Nie wszyscy jesteśmy wstrząśnięci po przerwie w naszych amerykańskich eskapadach uniwersyteckich. W przypadku studentów zagranicznych, takich jak Ashira, koronawirus wysłał plany imigracyjne pod znakiem zapytania, pozostawiając ich na opuszczonych kontynentach z dala od rodziny. Chociaż Ashira urodziła się w Indiach, jej rodzina mieszka teraz w Kuwejcie. Jej uniwersytet doradzał wszystkim studentom powrót do domu, ale Ashira nie mogła wrócić do domu, nawet gdyby chciała. W odpowiedzi na zaostrzenia koronawirusa na całym Bliskim Wschodzie, Kuwejt nałożył całkowity zakaz podróży do 26 marca. „Moi rodzice próbują zobaczyć:„ Och, a co, jeśli wrócisz 26 marca? ”. Ale w tym tempie, kto wie, co się stanie?” Ona mówi. „Dla innych międzynarodowych studentów, dla wielu z tych, z którymi rozmawiałem, to jak, co robimy? Gdzie idziemy?"

ZWIĄZANE Z:

  • 5 kobiet o tym, jak to jest mieć „niezbędną” pracę podczas pandemii koronawirusa
  • Najlepsze treningi do wypróbowania, gdy jesteś zamknięty w domu
  • 6 mitów dotyczących koronawirusa, o których powinieneś wiedzieć według ekspertów
  • Jeśli zwykle płacisz komuś za pracę — płać mu dalej

Powrót do domu może również kosztować Ashirę pracę podyplomową, na którą tak ciężko pracowała. „Problem polega na tym, że najprawdopodobniej nie będę mogła nawet wyjechać, ponieważ jedna z moich wiz pracowniczych jest w trakcie rozpatrywania” – wyjaśnia. „Wychodząc, zaryzykowałbym powrót. Zaryzykowałbym niemożność powrotu. To nie tak, że [służby imigracyjne] dbają o to, że dzieje się koronawirus”.
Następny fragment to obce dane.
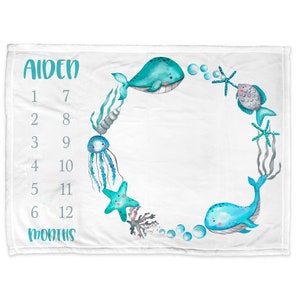 Ocean Milestone Blanket, Personalized under the sea baby growth blanket, newborn ocean animals baby gift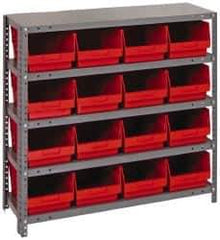 Quantum Storage - 16 Bin Store-More Shelf Bin System - 36 Inch Overall Width x 12 Inch Overall Depth x 39 Inch Overall Height, Red Polypropylene Bins - Industrial Tool & Supply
Przez wszystko zrobiłem, co w mojej mocy, aby podejść do tego momentu w historii jako ostatecznej lekcji życia. Mam niesamowite szczęście mieszkać w moim rodzinnym kraju, być zdrowym i sprawnym fizycznie. Nadal otrzymuję światowej klasy edukację online i mam wszystko, czego kiedykolwiek potrzebuję w domu. Utrzymywałem względny kontakt z ludźmi, których kocham i którzy mnie kochają. Dystans społeczny nie jest idealnym sposobem na spędzenie 22. urodzin, ale zrobiłem to, aby zapewnić jak największej liczbie z nas lata świętowania.